WHAT YOU ARE ASKED TO DO: Everything from the opening line of the listing below to the line that has "Как правильно провести сбор стопы", inclusive, should be returned exactly, except the pictures.

DATA EXTRACT:
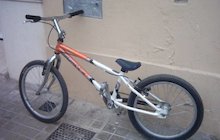 Monty X-Stam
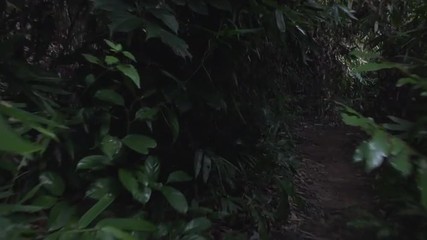  Walking through the jungle of  Khao Yai National Park. Thailand.  4K steadycam footage made at day.
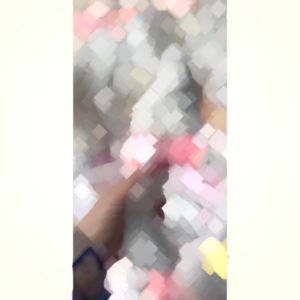 Gấu xù lông trắng đội mèo Kitty mặc áo hồng dễ thương kèm tag cài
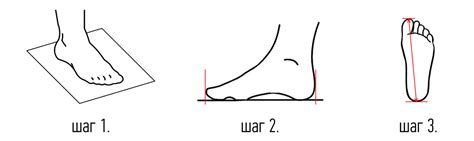 Как правильно провести сбор стопы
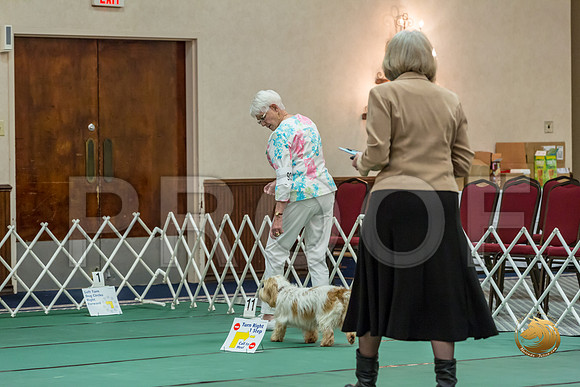 Rally ExB #93 Minta Williquette Reg Judge Nancy SimmonsJJJ_8063-PBGVKrvlTX2019-HR3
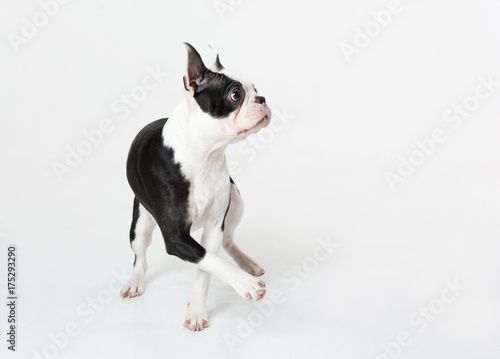 Young Boston terrier dancing on white background © Sherry Lemcke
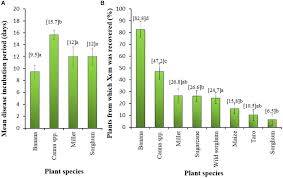 Image result for Bothriocline ugandensis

OUTPUT FOR THIS TASK:
 Monty X-Stam
  Walking through the jungle of  Khao Yai National Park. Thailand.  4K steadycam footage made at day.
 Gấu xù lông trắng đội mèo Kitty mặc áo hồng dễ thương kèm tag cài
 Как правильно провести сбор стопы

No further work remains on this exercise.